The announcement came as the company announced a first half net profit of $445 million, down from $523 milllion in the previous corresponding period albeit that underlying profit was up four per cent to $533 million.
The company said its Australian wealth management operating earnings were down one per cent to $193 million, describing the result as “resilient”.
It said to offset the impact of margin compression, the company would be targeting additional revenue growth from its advice and SMSF businesses.
The company said it expected revenue to increase by 10 per cent in the areas covering advice and SMSFs, with growth in advice and SMSF revenues expected to emerge in the second half of this year and “accelerating into 2018”.
Commenting on the results, AMP chief executive, Craig Meller said he believed the company had made good progress in delivering on its strategy.

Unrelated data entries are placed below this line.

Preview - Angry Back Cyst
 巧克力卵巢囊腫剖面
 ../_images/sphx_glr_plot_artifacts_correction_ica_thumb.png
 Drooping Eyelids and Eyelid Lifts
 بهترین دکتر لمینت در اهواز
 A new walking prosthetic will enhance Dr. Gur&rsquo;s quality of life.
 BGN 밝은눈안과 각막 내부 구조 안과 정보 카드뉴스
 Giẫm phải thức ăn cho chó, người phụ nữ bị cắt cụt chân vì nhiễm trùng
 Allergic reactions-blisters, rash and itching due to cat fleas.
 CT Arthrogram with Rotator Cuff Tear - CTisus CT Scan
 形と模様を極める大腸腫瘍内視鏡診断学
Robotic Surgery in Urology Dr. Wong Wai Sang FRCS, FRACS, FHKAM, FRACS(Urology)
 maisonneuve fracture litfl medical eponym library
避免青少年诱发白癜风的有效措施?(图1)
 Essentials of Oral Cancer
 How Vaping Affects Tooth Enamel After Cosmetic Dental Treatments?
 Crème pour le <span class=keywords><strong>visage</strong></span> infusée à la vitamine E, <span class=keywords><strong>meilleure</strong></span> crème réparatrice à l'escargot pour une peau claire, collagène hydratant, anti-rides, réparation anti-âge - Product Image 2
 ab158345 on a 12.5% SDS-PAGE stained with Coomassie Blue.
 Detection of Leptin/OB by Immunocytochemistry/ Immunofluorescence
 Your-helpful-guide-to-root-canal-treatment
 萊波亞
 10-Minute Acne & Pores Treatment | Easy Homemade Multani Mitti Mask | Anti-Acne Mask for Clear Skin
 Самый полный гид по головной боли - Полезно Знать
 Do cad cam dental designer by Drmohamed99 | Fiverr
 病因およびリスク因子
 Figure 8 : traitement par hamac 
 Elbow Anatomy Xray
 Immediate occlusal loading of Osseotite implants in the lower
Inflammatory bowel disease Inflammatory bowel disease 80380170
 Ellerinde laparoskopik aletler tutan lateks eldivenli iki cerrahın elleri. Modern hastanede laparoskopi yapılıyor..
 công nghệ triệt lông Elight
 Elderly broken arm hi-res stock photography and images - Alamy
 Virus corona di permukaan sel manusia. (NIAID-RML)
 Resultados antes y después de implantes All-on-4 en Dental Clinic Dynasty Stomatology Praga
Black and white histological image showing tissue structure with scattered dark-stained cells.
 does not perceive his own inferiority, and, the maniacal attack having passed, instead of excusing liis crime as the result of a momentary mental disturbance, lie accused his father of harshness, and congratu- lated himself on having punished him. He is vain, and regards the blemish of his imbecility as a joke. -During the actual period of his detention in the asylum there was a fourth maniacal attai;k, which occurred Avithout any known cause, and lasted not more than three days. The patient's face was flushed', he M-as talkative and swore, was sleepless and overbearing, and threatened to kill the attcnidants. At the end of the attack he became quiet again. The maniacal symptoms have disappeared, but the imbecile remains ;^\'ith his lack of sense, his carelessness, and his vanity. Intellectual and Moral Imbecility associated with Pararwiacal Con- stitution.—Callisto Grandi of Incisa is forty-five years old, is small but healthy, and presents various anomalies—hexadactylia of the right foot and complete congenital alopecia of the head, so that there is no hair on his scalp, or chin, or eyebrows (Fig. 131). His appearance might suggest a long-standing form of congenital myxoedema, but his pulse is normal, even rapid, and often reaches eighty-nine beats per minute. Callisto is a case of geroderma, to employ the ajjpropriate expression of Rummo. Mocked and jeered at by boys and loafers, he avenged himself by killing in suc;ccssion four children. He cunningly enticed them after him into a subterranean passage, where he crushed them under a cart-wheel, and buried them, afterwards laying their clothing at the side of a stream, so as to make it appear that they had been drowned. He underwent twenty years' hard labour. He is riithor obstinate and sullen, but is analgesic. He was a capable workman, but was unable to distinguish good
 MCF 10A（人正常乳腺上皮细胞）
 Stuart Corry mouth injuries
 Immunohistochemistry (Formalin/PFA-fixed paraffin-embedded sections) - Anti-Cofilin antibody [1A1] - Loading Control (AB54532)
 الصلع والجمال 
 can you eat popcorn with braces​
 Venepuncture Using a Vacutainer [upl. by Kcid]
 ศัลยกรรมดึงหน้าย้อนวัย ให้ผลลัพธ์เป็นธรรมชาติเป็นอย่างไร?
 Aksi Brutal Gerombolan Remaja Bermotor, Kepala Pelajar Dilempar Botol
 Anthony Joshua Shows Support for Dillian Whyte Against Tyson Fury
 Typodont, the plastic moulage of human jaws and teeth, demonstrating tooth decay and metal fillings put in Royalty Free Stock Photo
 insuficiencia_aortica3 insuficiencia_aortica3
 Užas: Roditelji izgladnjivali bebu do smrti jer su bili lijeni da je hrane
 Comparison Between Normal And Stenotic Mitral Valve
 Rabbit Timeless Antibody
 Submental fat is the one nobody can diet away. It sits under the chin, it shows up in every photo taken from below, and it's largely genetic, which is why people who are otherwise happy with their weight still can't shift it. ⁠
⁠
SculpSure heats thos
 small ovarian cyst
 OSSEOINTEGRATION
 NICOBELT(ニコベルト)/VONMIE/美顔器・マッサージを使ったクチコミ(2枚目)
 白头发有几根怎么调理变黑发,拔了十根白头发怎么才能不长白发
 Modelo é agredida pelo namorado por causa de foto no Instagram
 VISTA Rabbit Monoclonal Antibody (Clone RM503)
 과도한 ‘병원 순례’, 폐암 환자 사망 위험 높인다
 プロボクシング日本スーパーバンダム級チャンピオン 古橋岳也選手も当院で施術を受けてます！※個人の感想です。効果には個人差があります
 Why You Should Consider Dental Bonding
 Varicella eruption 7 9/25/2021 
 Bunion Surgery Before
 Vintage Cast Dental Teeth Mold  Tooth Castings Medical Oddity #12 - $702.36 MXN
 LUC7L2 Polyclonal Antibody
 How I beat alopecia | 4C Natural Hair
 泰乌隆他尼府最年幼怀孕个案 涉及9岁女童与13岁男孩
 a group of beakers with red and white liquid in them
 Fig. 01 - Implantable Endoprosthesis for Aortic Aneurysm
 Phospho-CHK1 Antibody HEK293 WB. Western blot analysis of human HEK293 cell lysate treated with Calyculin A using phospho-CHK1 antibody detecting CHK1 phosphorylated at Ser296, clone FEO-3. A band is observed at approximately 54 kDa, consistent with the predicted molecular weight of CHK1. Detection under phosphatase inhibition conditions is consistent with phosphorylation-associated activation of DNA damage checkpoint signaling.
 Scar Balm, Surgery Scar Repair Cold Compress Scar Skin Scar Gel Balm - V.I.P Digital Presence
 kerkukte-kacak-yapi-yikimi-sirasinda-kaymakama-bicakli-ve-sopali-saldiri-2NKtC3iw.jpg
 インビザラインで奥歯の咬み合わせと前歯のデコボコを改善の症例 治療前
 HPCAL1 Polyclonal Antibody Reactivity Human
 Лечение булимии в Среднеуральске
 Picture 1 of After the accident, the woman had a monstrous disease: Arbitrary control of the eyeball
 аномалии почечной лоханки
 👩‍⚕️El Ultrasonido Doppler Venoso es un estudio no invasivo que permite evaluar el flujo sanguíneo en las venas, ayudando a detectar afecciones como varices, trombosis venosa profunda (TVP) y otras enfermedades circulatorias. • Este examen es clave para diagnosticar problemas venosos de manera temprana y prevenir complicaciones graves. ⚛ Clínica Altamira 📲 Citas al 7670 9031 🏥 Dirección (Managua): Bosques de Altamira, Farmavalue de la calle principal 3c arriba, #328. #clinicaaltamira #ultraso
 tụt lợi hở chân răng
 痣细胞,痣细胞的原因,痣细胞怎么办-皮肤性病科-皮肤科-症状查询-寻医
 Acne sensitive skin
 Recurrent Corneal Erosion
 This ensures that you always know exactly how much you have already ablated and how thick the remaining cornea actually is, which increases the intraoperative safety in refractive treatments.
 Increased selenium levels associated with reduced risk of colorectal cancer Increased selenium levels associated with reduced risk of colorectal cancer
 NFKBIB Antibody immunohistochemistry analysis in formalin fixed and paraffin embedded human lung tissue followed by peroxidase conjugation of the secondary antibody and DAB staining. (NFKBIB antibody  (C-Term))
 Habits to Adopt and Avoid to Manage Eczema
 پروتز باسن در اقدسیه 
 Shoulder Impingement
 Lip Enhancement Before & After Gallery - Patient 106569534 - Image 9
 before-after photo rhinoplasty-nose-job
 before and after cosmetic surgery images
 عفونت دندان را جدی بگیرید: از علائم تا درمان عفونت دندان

“In wealth protection we’ve completed a set of comprehensive reinsurance agreement which will release capital from AMP Life and reduce earnings volatility,” he said.
“In wealth management, we’ve delivered a solid performance, managing margin compression effectively and showing our strength as the market leader for superannuation during a period of heightened market activity due to MySuper transitions.”
Meller pointed to AMP Capital having grown strongly in the period underling its emerging reputation as a global leader in real estate and infrastructure investments.